Manter um certo ritmo e condicionamento físico sempre foram prioridades em minha vida...Por conta disso, tenho o mesmo peso - 61 kg - desde os meus 15 anos.

Certo dia, a Sofia acordou vomitando sangue...Eu sabia que este dia seria decisivo. Ela foi devidamente medicada, quando então recebemos a seguinte orientação: É hora de realizarmos o transplante... Na semana seguinte realizei todos os exames e 15 dias depois nos internamos no Hospital Sírio Libanês, onde eu doaria 1/3 do meu fígado para a minha filha.

A cirurgia demorou cerca de 12 horas e tudo correu muito bem! No dia seguinte, a Sofia já receberia alta da UTI.

Eu fiquei internada apenas 03 dias e a Sofia uma semana.

No começo eu andava com dificuldades, pois as dores abdominais eram intensas e indescritíveis. A nossa recuperação foi muito rápida e exatamente 40 dias depois, eu já estava correndo novamente.

Hoje, graças a Deus e aos médicos, temos uma vida normal.

Regina Miranda - 34 anos - mãe da Sofia 3 anos e 6 meses.
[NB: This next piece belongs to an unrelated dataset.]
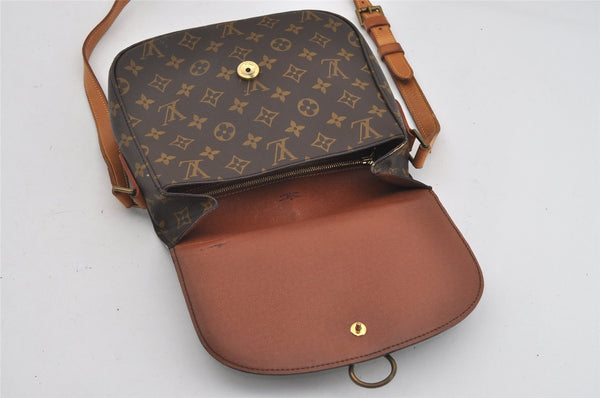 Authentic Louis Vuitton Monogram Saint Cloud GM M51242 Shoulder Cross Bag 0888I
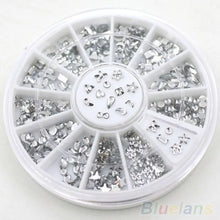 Rhinestone nail stickers star flower heart glitter decal set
Parecer do médico responsável:

Dr. Paulo Chapchap é Doutor pela FMUSP (Faculdade de Medicina da Universidade de São Paulo), cirurgião pediátrico, especialista em transplante hepático. Atua como chefe do departamento de Transplante Hepático do Hospital do Câncer - AC Camargo e do Hospital Sírio Libanês, é editor associado da Revista "Liver Transplantation"
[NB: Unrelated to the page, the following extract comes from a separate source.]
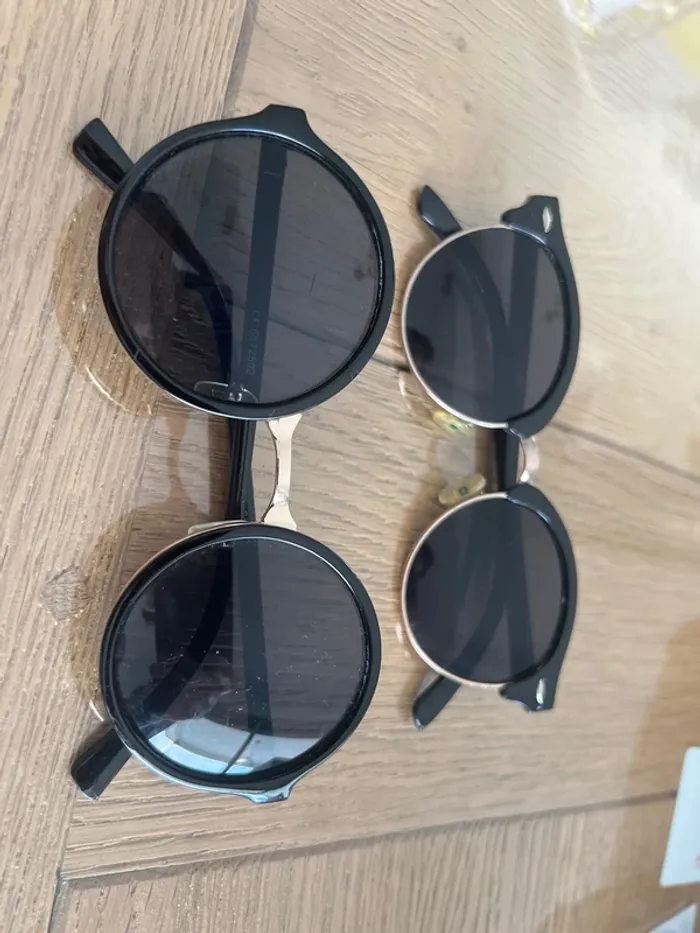 Lunette de soleil x2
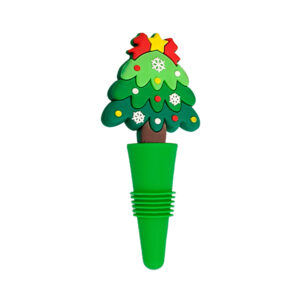 Colorful christmas tree wine stopper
Segundo o Dr. Paulo Chapchap:

Apesar de tratar-se de uma cirurgia de alta complexidade, onde parte do fígado da doadora foi retirado, a recuperação é relativamente simples. No caso da Regina que já tinha um histórico de bom condicionamento físico e boa alimentação, a recuperação é ainda mais rápida. A alta três dias depois da cirurgia é um recorde para este procedimento e, sem dúvida, o estado de saúde e a reserva orgânica proporcionados pela atividade esportiva regular contribuíram para o resultado. O fígado é um órgão que se regenera facilmente, possibilitando a ambas - doadora e receptora - condição de vida normal e aptas à prática de qualquer modalidade esportiva.